In order to prove to prove the statement, the author uses the obvious approach: using Zorn's Lemma, he determines a maximal subspace $W\subseteq V$ which decomposes as an orthogonal, finite-dimensional sum and then goes ahead to prove that $W^{\perp}=\{0\}$.
In this context he uses the homomorphism $L^{1}(G)\to L(V)$, where $L(V)$ is (if I recall correctly) the space of bounded linear operators on $V$, given by: $$\langle f(v),w\rangle_{V}=\int_{G}f(g)\langle \Phi(g)v,w\rangle_{V}\operatorname{d}\mu_{G}(g)$$ where $\mu_{G}$ is a Haar measure on $G$.
I have found that if $B_{n}$ is a collection of compact neighbourhoods of $1\in G$ such that $B_{n+1}\subseteq B_{n}$ for all $n\in\mathbb{N}$ and $\cap_{n\in\mathbb{N}}B_{n}=\{1\}$, then $\frac{1}{\mu_{G}(B_{n})}\mathbf{1}_{B_{n}}(v)\to v$ when $n\to\infty$. I wanted to construct such sets from $\Phi$ and I approached it as follows: let $v\in V\setminus\{0\}$, $N_{0}$ a compact neighbourhood of $1\in G$ and for $n\geq 1$ let: $$N_{n}:=N_{0}\cap\left\{g\in G;\lVert\Phi(g)v-v\rVert_{V}\leq\frac{1}{n}\right\}$$
Now $\cap_{n\geq\mathbb{N}}B_{n}=\{g\in N_{0};\Phi(g)v=v\}$, which is not exactly what I wanted.
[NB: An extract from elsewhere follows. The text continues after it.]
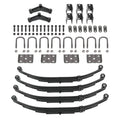 Trailer axle suspension kit with leaf springs, U-bolts, hangers, equalizers, and hardware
I know, that I can choose neighbourhoods $U_{n}$ of the identity such that $\hat{N}_{n}=N_{n}\cap U_{n}$ would be appropriate. Still I was interested, whether I could drop choosing the $U_{n}$, i.e. when can I be sure that I can choose a compact neighbourhood $N_{0}$ such that: $$\{1\}=\cap_{n\geq 1}\left(N_{0}\cap\left\{g\in G;\lVert \Phi(g)v-v\rVert_{V}\leq\frac{1}{n}\right\}\right)$$ It is clear that this is equivalent to $G_{v}:=\{g\in G;\Phi(g)v=v\}$ being discrete, so I have to find out when the latter is the case. In the context I am interested in, there are two equivalent formulations of what I wanted to show:
Let $\Phi$ be a unitary representation of a compact Lie group $G$ on an infinite dimensional Hilbert space $V$ containing no finite dimensional subrepresentations (assuming its existence contrary to Peter-Weyl). Let $v\in V\setminus\{0\}$. Then $G_{v}:=\{g\in G;\Phi(g)v=v\}$ is discrete.
Let $\Phi$ be a unitary representation of a compact Lie group $G$ on an infinite dimensional Hilbert space $V$. Let $v\in V\setminus\{0\}$ and assume that $g_{n}\to 1$ such that $\Phi(g_{n})v=v$ for all $n\in\mathbb{N}$. Then it follows (without using Peter-Weyl) that $V$ contains a finite dimensional subrepresentation.
Does anybody have an idea on whether this could be true? In the second formulation I started toying around with the closure of the group generated by the $(g_{n})_{n\in\mathbb{N}}$ being compact subgroup necessarily of positive dimension and then wanted to use the index but I might not know enough about Lie groups at that point. Is there no relation at all or do you know a hint? Of course it might be useful to use facts about general Lie groups acting on infinite dimensional Hilbert spaces but I really do not know where to start.